SM-1MRは、先行するターター(1962年運用開始)の代替にあたる[3][4]。ターターやテリア(1954年運用開始)、そしてテリアよりも長射程のタロス(1957年運用開始)は一般に3-Tとして知られるが、1958年の時点で、既にこれらのシステムのリアクションタイムや信頼性についての懸念から、後継としてスーパー・タロスおよびスーパー・テリア(後のタイフォン)の開発が着手されていた[4]。タロスとテリアは全く別の設計によって開発されていたのに対し、タイフォンでは、ミサイルそのものは標準化して、長射程が必要な場合にはブースターを付して射程を延伸するというコンセプトが採用された[4]。

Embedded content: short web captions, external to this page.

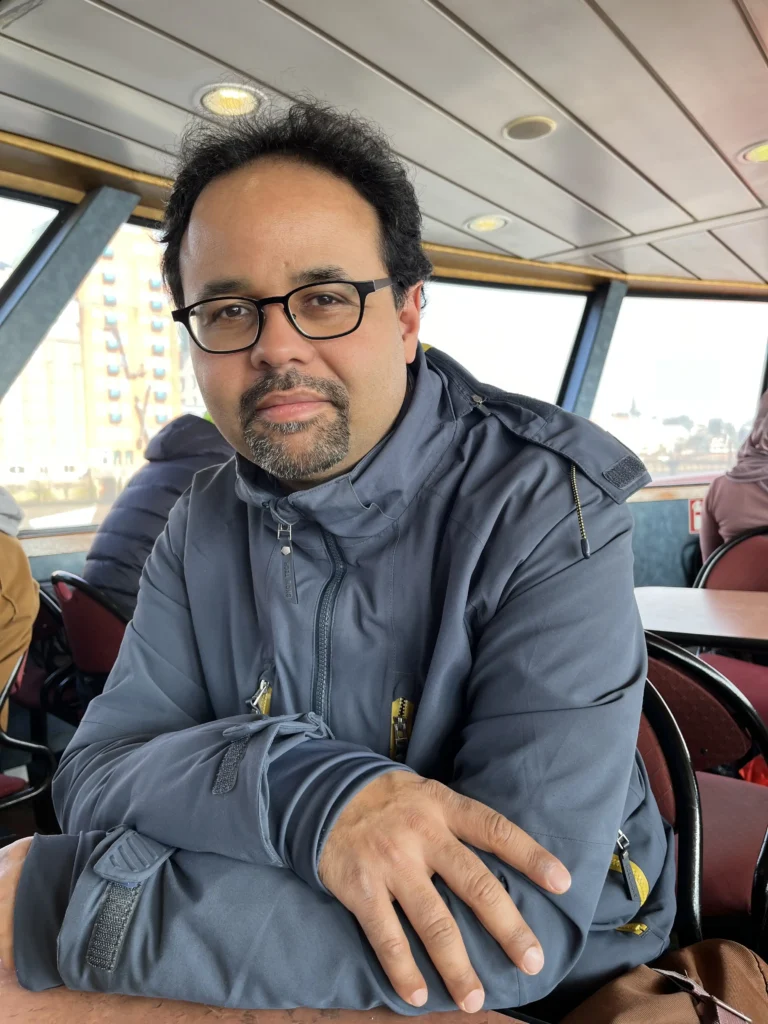 Thierno Bah ist auf einem Schiff, und lächelt in die Kamera.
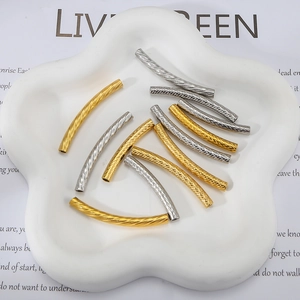 Macro shot of gold and silver curved spacer beads with textured engraving for DIY jewelry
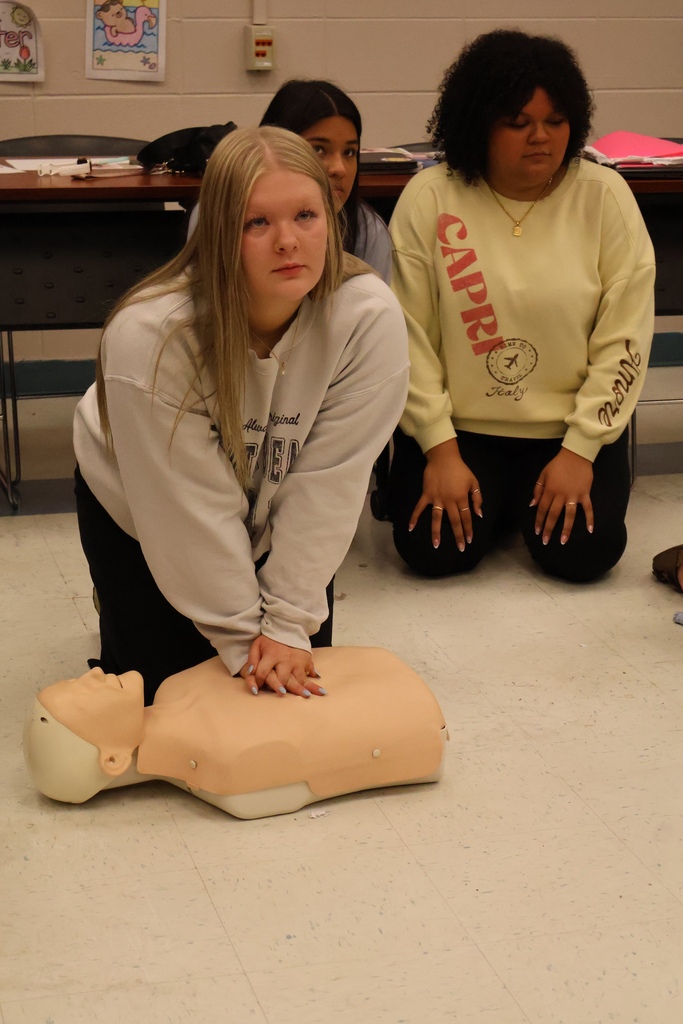 Students learning CPR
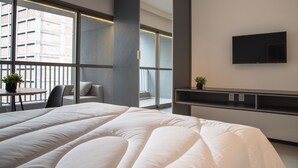Une chambre d’hôtel moderne avec un grand lit, un téléviseur fixé au mur, un balcon offrant une vue sur la ville et une petite table avec des chaises.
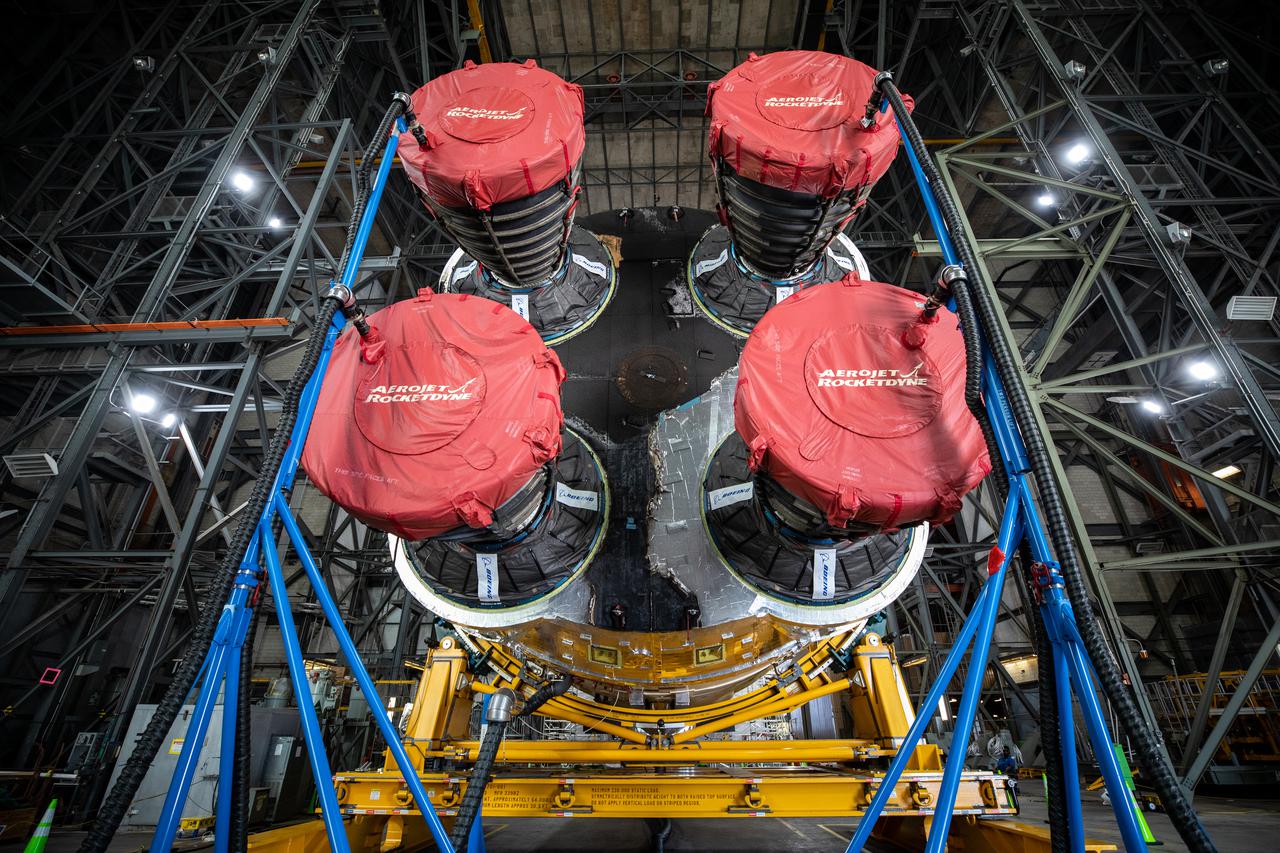 The Space Launch System (SLS) core stage for NASA’s Artemis I mission is in the transfer aisle of the Vehicle Assembly Building at Kennedy Space Center in Florida on May 5, 2021. In view are the core stage’s four RS-25 engines in protective covers. Teams from the center’s Exploration Ground Systems and contractor Jacobs will perform checkouts ahead of integrating the massive rocket stage with the twin solid rocket boosters, Orion spacecraft, and additional flight hardware ahead of the Artemis I launch. Artemis I will be the first integrated test of SLS and Orion and will pave the way for landing the first woman and first person of color on the lunar surface. It will be a proving ground for deep space exploration, leading the agency’s efforts under the Artemis program for a sustainable presence on the Moon and preparing for human missions to Mars. 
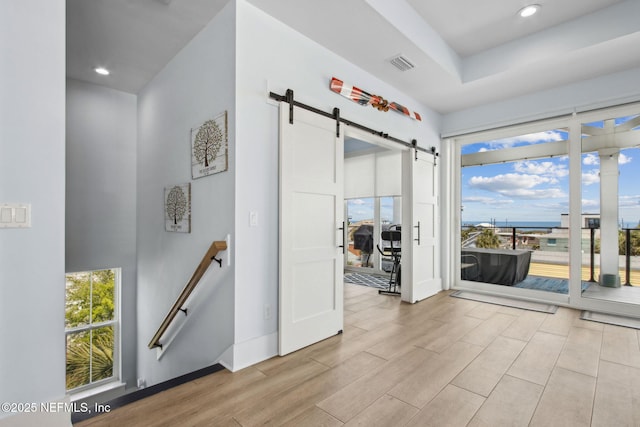 548 Sea Island Dr, Fernandina Beach, FL 32034 - spare room with a barn door, wood finished floors, baseboards, and recessed lighting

タイフォン計画は技術的・コスト的な問題に直面して1963年12月に断念されたものの、海軍作戦部長はミサイルの問題に対処するための長期的な研究開発プロジェクトを発足させており、タイフォンで採択されていたミサイル標準化のコンセプトを敷衍していくことが決定された[4]。これに基づいて、中射程型(MR)および長射程型(ER)をファミリー化するかたちで開発されたのがスタンダードであり、早くも1963年10月には水上ミサイル・システム計画室(Surface Missile Systems Project Office)によって計画が正式に公表され[3]、1964年12月にはジェネラル・ダイナミクス社との間で1,300万米ドルの契約が締結された[4]。
1961年のテリアのセミアクティブ・レーダー・ホーミング(SARH)誘導モデル(テリアHT)の生産開始とともに、既に改良型ターター(IT)との統合が図られており、価格ベースで85%の部品が共用化されていた[5]。この共用化を背景として、SM-1MRは改良型ターター改造型(RIM-24C)を、また長射程型のSM-1ERはテリアHT-3(RIM-2F)をベースとして開発された[4]。1967年3月、ジェネラル・ダイナミクス社のポモナ部門は、新型ミサイルの本格的な生産契約を獲得した[4]。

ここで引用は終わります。